26 Ağustos 2017
Sahte şeyh ve sahte Prof. Haydar Baş’ın müritlerinden Yusuf Karaca: “Fatih dinsiz miydi?” diyecek kadar küstahlaşmıştı. Hiç utanmadan, sakınmadan aynen şunları zırvalamıştı:
“İcmal Gençlik Kampı’nda Asude Yılmaz hanımın Fatih konusunda ortaya koyduğu belgeler, dinleyenleri adeta şaşkına çevirmişti. Bundan sonra da konuyla ilgili tarihçi arkadaşlarımızdan duyacaklarımız, herkesi şaşırtmaya devam edecektir… Oysa bir takım uyduruk hadislerle “Fatih’i Peygamber’in övdüğü” yalanlarıyla büyüdük hepimiz. Şarabına zehir konarak oğlu tarafından öldürülen Fatih’in, şarap içtiği kesin iken peygamber şarap içen birini nasıl övmüş olabilir? İslam’ın haram kıldığı öldürmeyi, helal yapan Fatih, oğlu Beyazıt tarafından öldürülmüş. Sen misin taht uğruna evlat öldürmeye “caiz” diyen, al sana!.. Tarih dalında otorite isim Halil İnalcık şöyle der: “Fatih, İstanbul’un fethinden sonra kendisini Doğu Roma İmparatorluğu’nun varisi görmüş, Kayser-i Rum (Roma İmparatoru) unvanını benimsemiş, imparatorluğu eski Bizans sınırlarında kurmak için seferlerini ve davranışlarını buna göre ayarlamıştır”. Fatih, kendini “Roma varisi” görürken, bize “peygamber varisi” diye yutturuldu! Fatih dönemi İslam dışı uygulamalarına iki örnek verelim: İslam hırsızlıkta el kesilmesini emrederken Fatih kanunlarında sığır çalanın eli kesilmiyor, bunun yerine yüz akçe ceza veriliyor. At çalarsa şayet, el kesilir. Zina yapana mesela para cezası veriliyor hâlbuki şeriat yasasına göre fiziki ceza gerektirir. Şarap içene iki sopa yerine, bir akçe alınması öneriliyor… Franz Babinger Osmanlı ve Bizans kaynaklarına göre Fatih’in kişisel ve karakter özelliklerini babası ve dedesinden değil, annesinden aldığını aktarmaktadır. Babinger, Dukas’tan aktardığına göre “2. Mehmet pire gibi adam öldürmekten zevk alırdı” tespitine yer verir. Her çocuk gibi Fatih de annesinden çok etkilenmiştir. Fatih için “temelde dinsel bağları olmayan bir insan” yorumunu yapan kaynaklar, oğlu Bayezit’in babası Fatih için “dinsiz” dediğini belirtirler. Emine Çaykara’nın Halil İnalcık’tan aktardığı “Osmanlı sultanlarının çoğu ayyaştı” tespiti çok önemli.” (14 Ağustos 2017, Yeni Mesaj)
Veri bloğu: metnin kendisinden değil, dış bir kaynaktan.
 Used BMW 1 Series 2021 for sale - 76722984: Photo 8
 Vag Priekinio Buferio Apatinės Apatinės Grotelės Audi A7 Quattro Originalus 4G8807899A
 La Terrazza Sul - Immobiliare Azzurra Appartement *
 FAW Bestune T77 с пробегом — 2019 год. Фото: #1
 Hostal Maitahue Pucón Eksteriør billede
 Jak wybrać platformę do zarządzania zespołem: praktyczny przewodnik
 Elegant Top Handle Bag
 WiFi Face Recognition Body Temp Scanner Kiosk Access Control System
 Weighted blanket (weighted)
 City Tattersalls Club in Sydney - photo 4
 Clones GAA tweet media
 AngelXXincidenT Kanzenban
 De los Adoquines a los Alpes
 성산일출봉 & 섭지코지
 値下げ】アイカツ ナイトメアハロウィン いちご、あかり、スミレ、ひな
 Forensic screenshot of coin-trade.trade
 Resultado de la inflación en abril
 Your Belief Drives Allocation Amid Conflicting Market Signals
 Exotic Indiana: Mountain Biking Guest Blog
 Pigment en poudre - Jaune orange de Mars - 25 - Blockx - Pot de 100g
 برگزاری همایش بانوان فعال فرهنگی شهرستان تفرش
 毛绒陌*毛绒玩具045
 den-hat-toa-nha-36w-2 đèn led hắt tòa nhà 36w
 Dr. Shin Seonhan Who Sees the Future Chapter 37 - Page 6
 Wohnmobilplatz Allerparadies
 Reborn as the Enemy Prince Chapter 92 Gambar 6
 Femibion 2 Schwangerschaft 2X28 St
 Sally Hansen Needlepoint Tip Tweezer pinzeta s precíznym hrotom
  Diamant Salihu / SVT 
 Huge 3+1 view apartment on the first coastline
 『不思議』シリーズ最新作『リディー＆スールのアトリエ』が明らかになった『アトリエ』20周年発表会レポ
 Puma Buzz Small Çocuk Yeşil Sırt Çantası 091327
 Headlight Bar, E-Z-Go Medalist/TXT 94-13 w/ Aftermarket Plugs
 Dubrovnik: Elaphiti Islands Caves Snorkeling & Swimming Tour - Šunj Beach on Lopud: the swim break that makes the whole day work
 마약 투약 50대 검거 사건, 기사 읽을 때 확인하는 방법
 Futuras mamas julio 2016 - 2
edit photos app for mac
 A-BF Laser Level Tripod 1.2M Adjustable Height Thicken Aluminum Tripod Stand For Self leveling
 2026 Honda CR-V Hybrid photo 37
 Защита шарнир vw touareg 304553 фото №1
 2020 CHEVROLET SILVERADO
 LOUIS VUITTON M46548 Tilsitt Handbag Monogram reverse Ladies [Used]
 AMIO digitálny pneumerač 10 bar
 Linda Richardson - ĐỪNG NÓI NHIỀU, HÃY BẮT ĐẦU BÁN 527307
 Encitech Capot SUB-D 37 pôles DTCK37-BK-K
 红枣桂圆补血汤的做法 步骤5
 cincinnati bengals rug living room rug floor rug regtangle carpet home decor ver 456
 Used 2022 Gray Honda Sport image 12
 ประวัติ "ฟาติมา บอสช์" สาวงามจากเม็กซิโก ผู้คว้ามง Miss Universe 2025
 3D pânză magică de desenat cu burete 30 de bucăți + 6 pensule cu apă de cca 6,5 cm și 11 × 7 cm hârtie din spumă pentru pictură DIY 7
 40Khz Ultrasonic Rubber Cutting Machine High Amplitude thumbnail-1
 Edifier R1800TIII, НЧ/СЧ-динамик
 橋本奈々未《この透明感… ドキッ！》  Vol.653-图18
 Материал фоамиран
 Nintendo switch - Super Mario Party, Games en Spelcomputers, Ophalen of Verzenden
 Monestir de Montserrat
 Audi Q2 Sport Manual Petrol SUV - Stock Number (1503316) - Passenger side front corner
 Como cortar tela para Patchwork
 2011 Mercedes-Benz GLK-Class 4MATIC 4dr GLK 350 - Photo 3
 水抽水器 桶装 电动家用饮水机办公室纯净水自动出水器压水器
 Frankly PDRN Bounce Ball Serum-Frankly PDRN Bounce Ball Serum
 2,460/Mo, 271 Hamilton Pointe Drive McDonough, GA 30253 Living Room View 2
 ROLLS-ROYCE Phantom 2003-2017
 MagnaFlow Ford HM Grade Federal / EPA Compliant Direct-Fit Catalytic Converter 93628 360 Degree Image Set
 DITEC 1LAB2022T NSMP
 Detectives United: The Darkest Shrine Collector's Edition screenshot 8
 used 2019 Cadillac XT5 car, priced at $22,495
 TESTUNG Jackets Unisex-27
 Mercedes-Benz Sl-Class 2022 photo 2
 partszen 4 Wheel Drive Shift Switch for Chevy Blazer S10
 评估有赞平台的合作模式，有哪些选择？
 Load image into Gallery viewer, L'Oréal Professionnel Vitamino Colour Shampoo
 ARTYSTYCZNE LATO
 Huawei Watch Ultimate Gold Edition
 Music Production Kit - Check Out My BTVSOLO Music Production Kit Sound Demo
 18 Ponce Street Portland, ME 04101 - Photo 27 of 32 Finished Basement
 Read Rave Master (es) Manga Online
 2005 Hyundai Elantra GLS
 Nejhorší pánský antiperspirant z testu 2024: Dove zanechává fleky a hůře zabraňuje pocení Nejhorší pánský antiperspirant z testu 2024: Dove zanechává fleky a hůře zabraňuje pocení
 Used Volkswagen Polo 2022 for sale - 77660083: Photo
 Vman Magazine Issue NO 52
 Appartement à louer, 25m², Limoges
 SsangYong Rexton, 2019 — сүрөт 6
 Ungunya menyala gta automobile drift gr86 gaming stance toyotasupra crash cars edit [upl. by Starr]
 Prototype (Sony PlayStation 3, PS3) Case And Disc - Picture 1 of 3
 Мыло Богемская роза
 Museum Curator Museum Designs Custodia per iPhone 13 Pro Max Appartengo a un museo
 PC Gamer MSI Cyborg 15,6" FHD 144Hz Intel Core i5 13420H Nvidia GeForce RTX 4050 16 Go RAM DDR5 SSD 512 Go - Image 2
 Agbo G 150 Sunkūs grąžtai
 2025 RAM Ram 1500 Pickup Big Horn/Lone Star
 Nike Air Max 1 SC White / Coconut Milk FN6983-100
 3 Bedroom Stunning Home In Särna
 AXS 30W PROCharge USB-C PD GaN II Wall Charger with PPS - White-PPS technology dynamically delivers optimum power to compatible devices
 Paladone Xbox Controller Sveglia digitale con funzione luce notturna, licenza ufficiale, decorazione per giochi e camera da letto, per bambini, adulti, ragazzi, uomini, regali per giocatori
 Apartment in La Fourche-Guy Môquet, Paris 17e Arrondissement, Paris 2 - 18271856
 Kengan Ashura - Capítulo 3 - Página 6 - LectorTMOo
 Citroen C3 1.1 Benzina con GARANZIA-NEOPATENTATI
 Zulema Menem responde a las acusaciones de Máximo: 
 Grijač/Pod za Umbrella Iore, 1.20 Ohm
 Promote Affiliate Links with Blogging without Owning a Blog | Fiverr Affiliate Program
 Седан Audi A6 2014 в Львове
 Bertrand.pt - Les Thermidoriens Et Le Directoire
Bu Yusuf Karaca’nın ve diğer sapıtmış ve satılmış Haydar Başcıların, hiç utanmadan böylesine soysuz ve şuursuz bir hırçınlıkla Fatih Sultan Mehmet Han’a yönelik düşmanlıkları, aslında kendisine ve Konstantinin Fethini övüp müjdeleyen Hz. Peygamber Efendimize duydukları gizli düşmanlığın açığa vurulmasıdır. Bunların Fatih Sultan Düşmanlığı, topyekün Osmanlı düşmanlığının bir yansımasıdır ve herhalde İstanbul’un Fethini hâlâ hazmedemeyen Haçlı Batı’ya uşaklık ve yavşaklıktır. Bu Haydar Başcı sapkınların; Haçlı Papalık hizmetçisi Fetullah Gülen’e ve işbirlikçi AKP’ye karşı tavırları ise, sünni İslam ve özellikle Erbakan düşmanlıklarına birer kılıftır. Allah aşkına aklı ve vicdanı olan söylesin, Haçlı Papa’nın huzurunda rüku edip elini öpmekle, Haçlıların Konstantin Kalesini ve Ayasofya Kilisesini ele geçirip bu ülkeyi İslam vatanı yapan Sultan Fatih’e düşmanlık etmenin ne farkı vardır? Haçlı Batılı gavurların bazı yazar ve tarihçi takımının kuyruk acısıyla Osmanlı aleyhine uydurdukları yalan ve iftiraları doğru sayıp, Hz. Peygamber Efendimiz’in müjdesine muhatap Sultan Fatih’i ve diğer padişahları ayyaşlıkla suçlayıp saçmalayan ve içkinin İslam’daki cezasını hatırlatan Yusuf Karaca gibi kiralık ve münafık takımına ve Milli tarih tahribatçılarına sormak lazımdı:
Peki İslam hukukuna göre; müridinin karısını ayartan ve evinde aylarca alıkoyduktan sonra zorla boşatıp haremine alan; dört karılı sahte tarikat şeyhiniz, şimdi sözde parti şefiniz ve yine sahte Prof. etiketli Efendiniz Haydar Baş’a nasıl bir ceza uygulanmalıydı? Bu dört karılı harem hayatı da mı Atatürkçülüğün bir icabıydı?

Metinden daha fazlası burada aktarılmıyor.